En una boda, mi esposo pasó toda la noche pegado a su compañera de trabajo, bailando y riendo, como si yo no estuviera allí. Cuando alguien le preguntó si estaba casado, sonrió con suficiencia: «La verdad es que no. No cuenta cuando ella es… aburrida». Todos rieron. Yo no. A la mañana siguiente, se despertó solo y encontró algo en la mesa que lo hizo palidecer.

Empezó con una canción lenta. De esas que hacen que todos se acerquen, las copas de champán iluminando las lámparas de araña. Pero en lugar de abrazarme, Mark ya estaba al otro lado de la pista, con ella.

Sophie. Su compañera de trabajo. La que juró que era «solo una amiga».

Eran imposibles de pasar por alto: girando, riendo a carcajadas, con la mano apoyada en su pecho como si perteneciera a él. Cada vez que intentaba cruzar la mirada con él, me miraba directamente, como si fuera una sombra que se difuminaba contra las paredes cubiertas de seda.

Al principio, me dije que lo estaba imaginando. Quizás lo compensaría más tarde. Quizás vendría a buscarme.
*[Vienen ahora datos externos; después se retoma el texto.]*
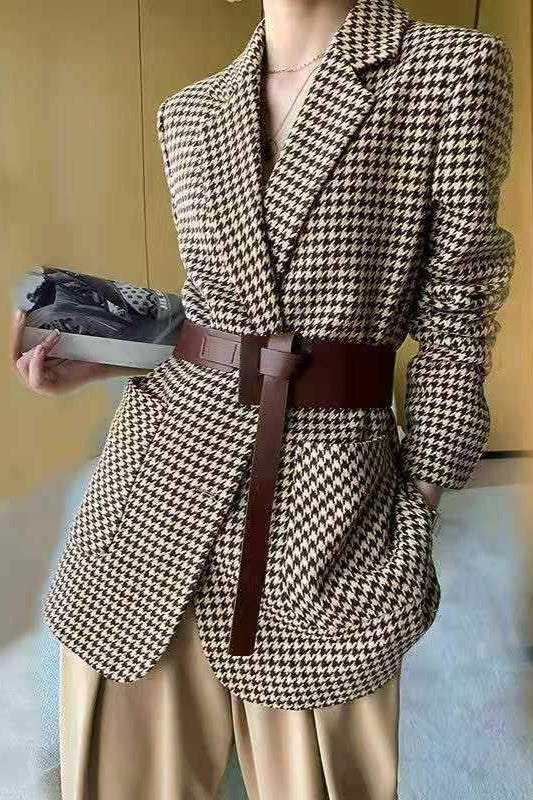 Well Tailored Garment with a Graceful Silhouette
Pero a medida que la noche se hacía interminable, me senté sola a la mesa, sonriendo con los dientes apretados mientras todos los demás bailaban.

Entonces llegó el momento que lo quemó todo.

Un hombre en el bar, un desconocido, le preguntó a Mark: “Oye, ¿estás casado?”

La sonrisa de Mark fue lenta y cruel. "No, la verdad es que no", dijo, mirándome fijamente. "No cuenta cuando es... aburrida".